#### [What to do]
All of the data that follows should be given again exactly, without its images.

#### [Source material]
_ _ _ _ _ _ _
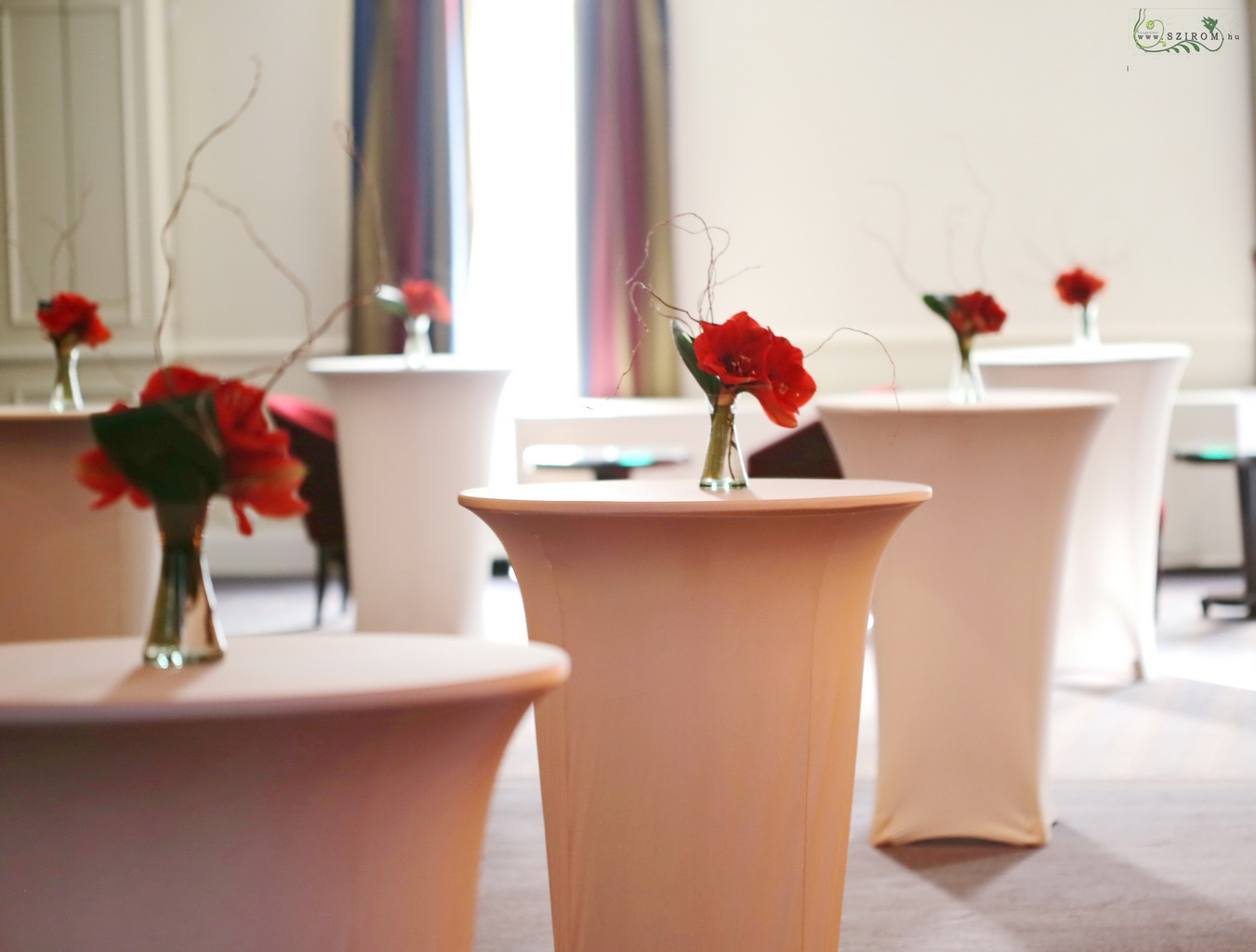 flower delivery Budapest - Event decor with red amaryllis, Corinthia Budapest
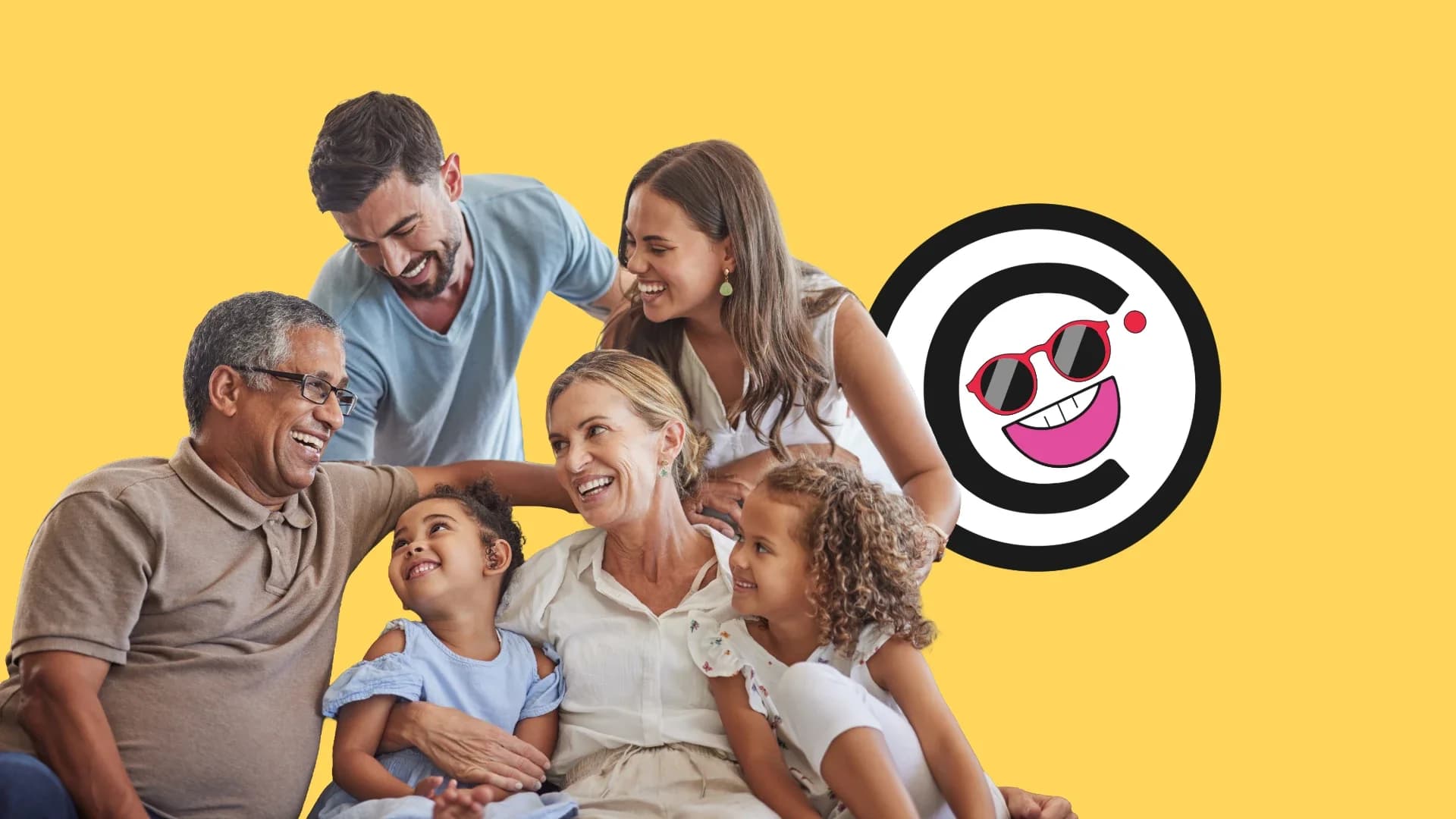 Grupo de personas de diferentes edades compartiendo una actividad juntos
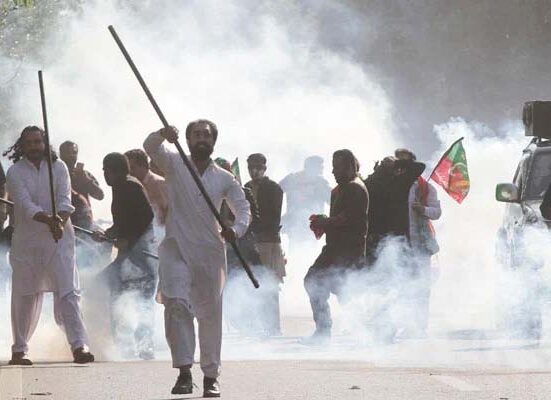 pti عمران خان کی گرفتار ی کی کوششیں، پولیس اور پی ٹی آئی کارکنان کے درمیان رات بھر آنکھ مچولی،املاک کو نقصان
_ _ _ _ _ _ _
#### [Exercise answer]
 flower delivery Budapest - Event decor with red amaryllis, Corinthia Budapest
 Grupo de personas de diferentes edades compartiendo una actividad juntos
 pti عمران خان کی گرفتار ی کی کوششیں، پولیس اور پی ٹی آئی کارکنان کے درمیان رات بھر آنکھ مچولی،املاک کو نقصان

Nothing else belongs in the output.